The Texas State Legislature sent HB 2268 to Governor Rick Perry’s desk on Tuesday, May 28, 2012. The bill is designed to protect citizens Right to Privacy by requiring all state law enforcement agencies to get a warrant for all emails, no matter how old those emails are.
That’s a big difference from current US federal legislation. The Electronic Communications Privacy Act (ECPA) only requires law enforcement to get a warrant if they want to access recent emails before the intended recipient opens them.
That’s no privacy protection at all. If a government agency wants access to my emails past or present, opened or not, they ought to require a search warrant. Giving government agents license to snoop into the private communications of we mere citizens without a warrant is flat out wrong.
Texas Bill HB 2268, when passed, will give Texans the privacy protection the rest of the nation should already have if the Electronic Communications Privacy Act actually lived up to its name. Clearly it does not.

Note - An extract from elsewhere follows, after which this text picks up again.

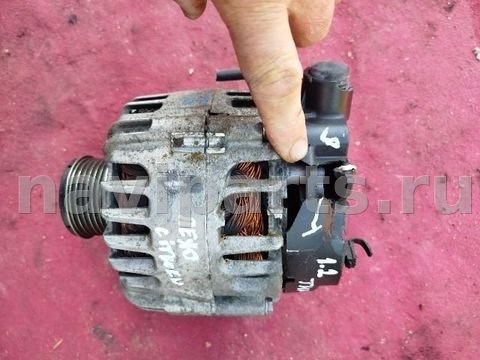 Генератор Opel Crossland X, 2022 г., OEM 98356894, арт. 204243111_9, фото 3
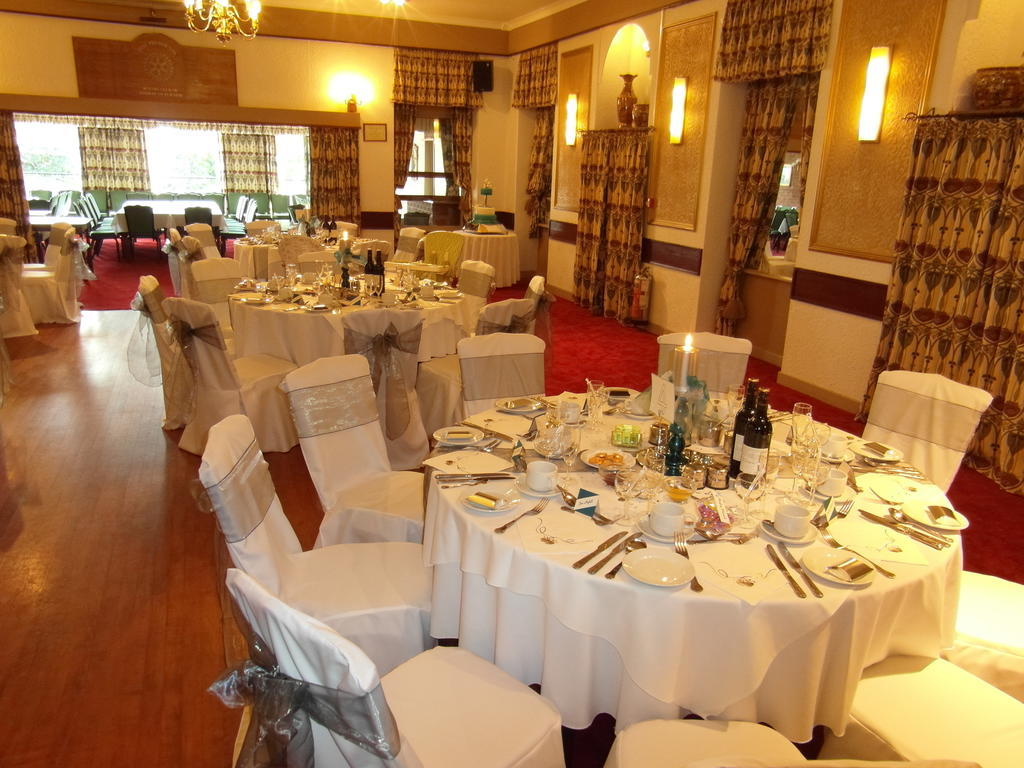 Lisdoonie Hotel Barrow-in-Furness Екстер'єр фото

“Privacy is a special thing in Texas—it goes to the core values of Texas,” said Chris Soghoian, a senior policy analyst at the American Civil Liberties Union.
“It’s always good to see states passing pro-privacy legislation because it sends a signal to Congress. It sends a signal to conservative members who might not yet be on board that this is something being supported in their own states and it helps the courts to see that this is a safe space to venture into. When cities and states start protecting e-mail, then judges may feel like there is a reasonable expectation of privacy.”
“It is the first state legislature I’m aware of to change the law this way,” Hanni Fakhoury, a staff attorney at the Electronic Frontier Foundation (EFF), said.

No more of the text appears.